Keep the wording of the records intact as you retype them, and omit every image.

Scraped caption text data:
__________________________________________________
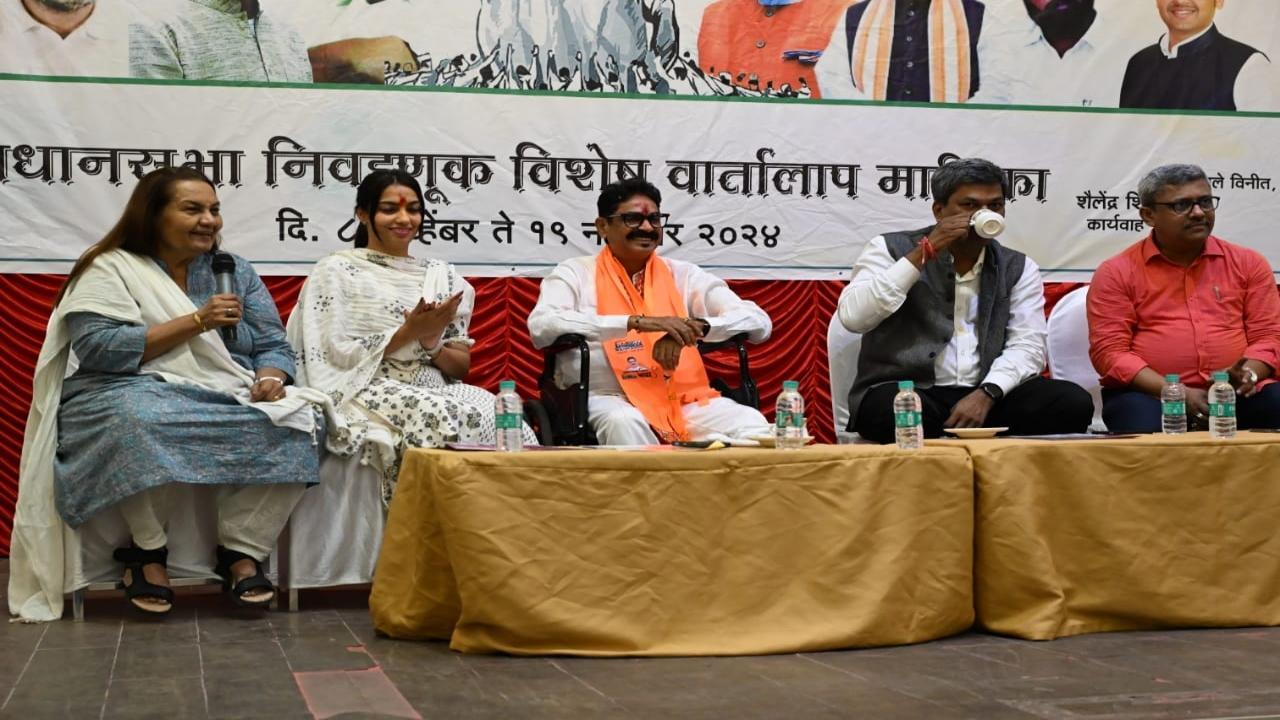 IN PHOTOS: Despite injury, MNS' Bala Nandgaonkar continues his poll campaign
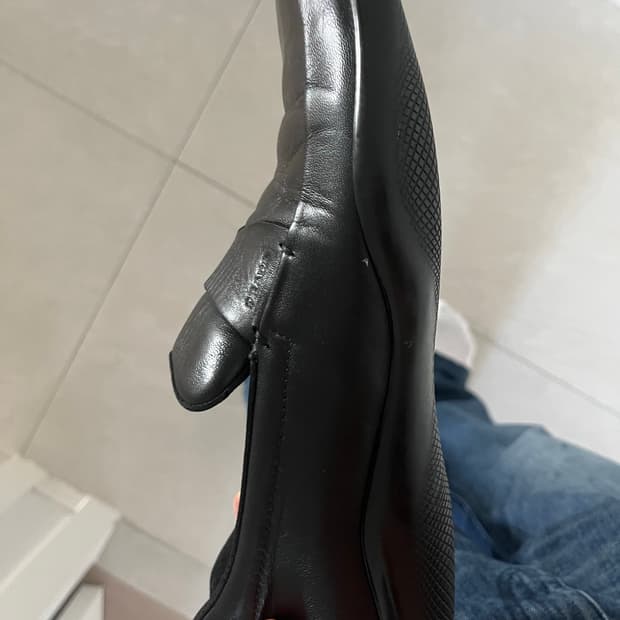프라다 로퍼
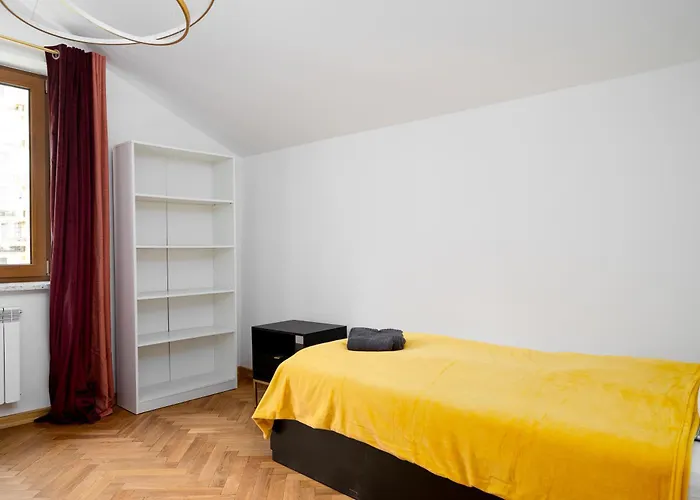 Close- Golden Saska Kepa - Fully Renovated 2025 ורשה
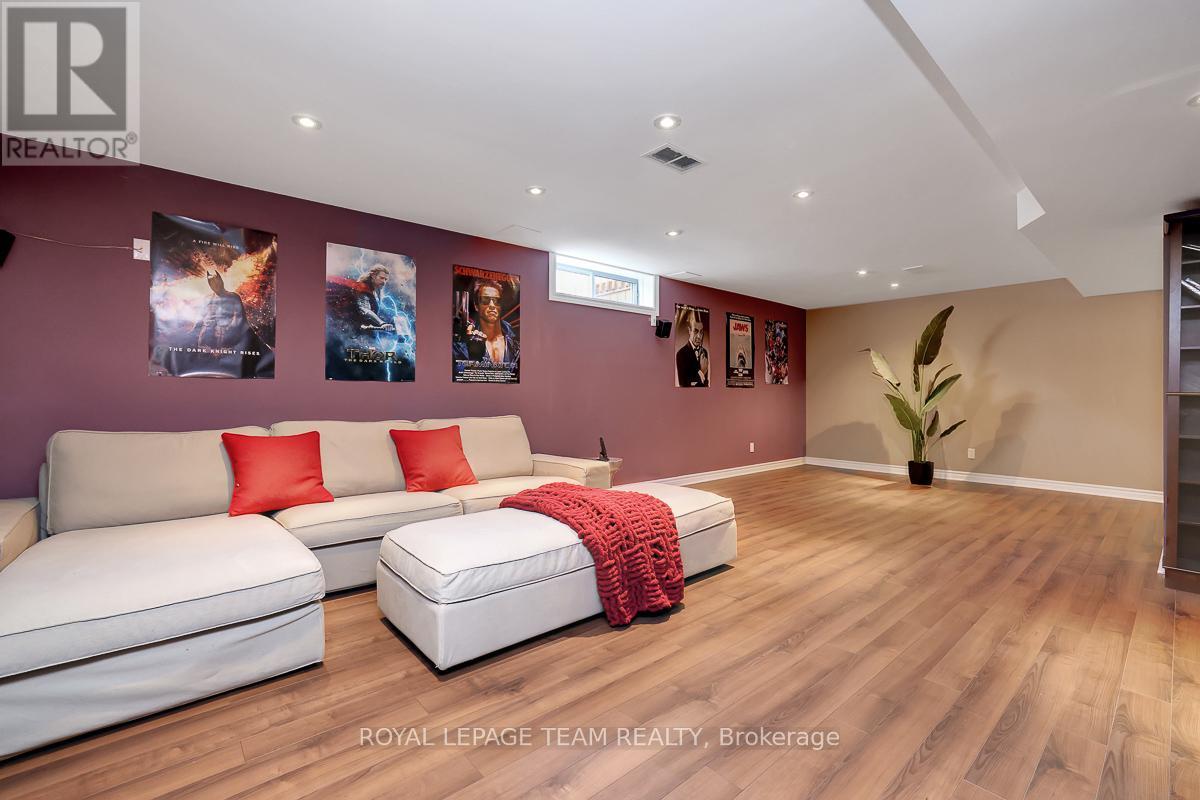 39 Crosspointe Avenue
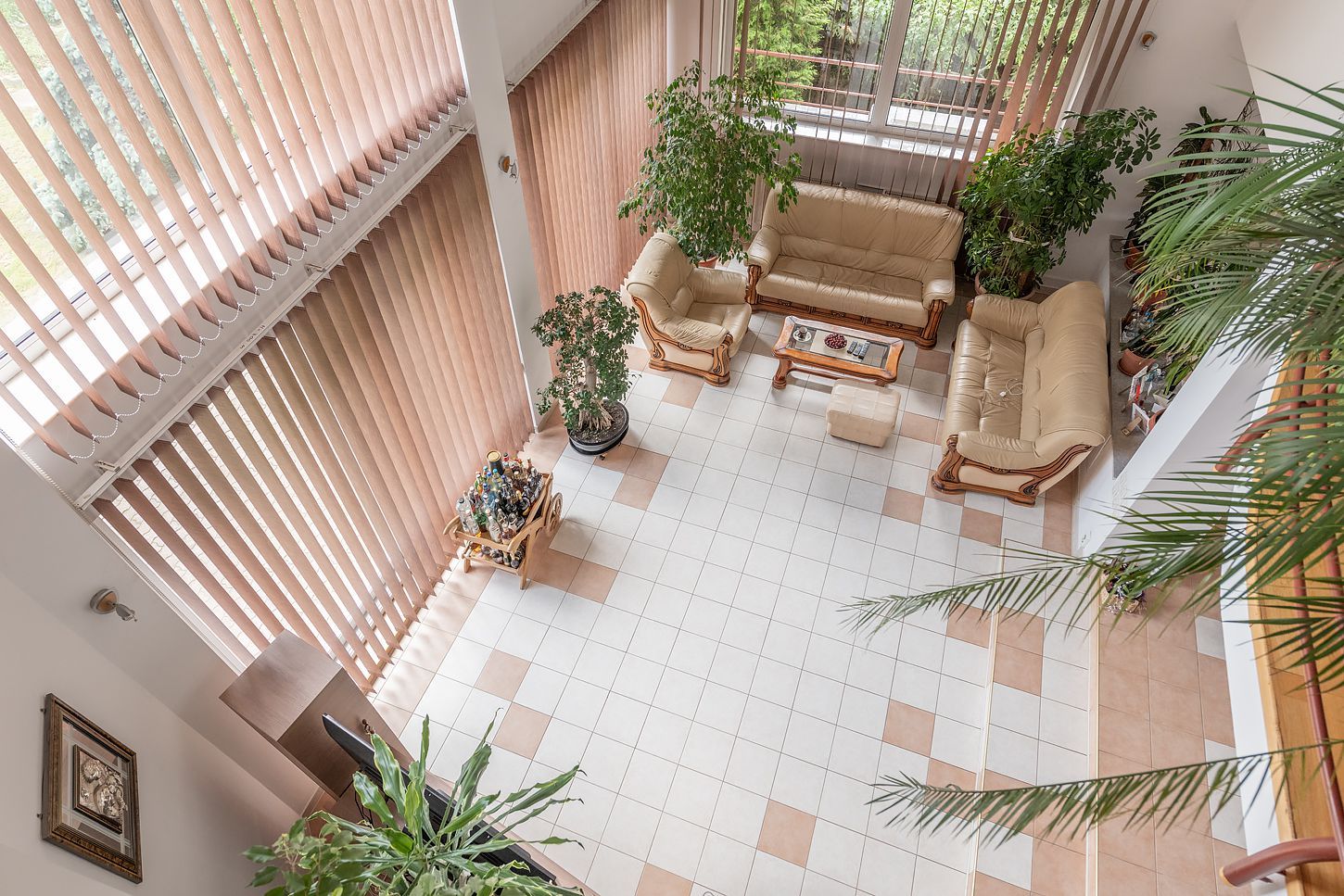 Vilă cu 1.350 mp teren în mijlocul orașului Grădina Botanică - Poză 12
__________________________________________________
- [Answer for this exercise]
 IN PHOTOS: Despite injury, MNS' Bala Nandgaonkar continues his poll campaign
프라다 로퍼
 Close- Golden Saska Kepa - Fully Renovated 2025 ורשה
 39 Crosspointe Avenue
 Vilă cu 1.350 mp teren în mijlocul orașului Grădina Botanică - Poză 12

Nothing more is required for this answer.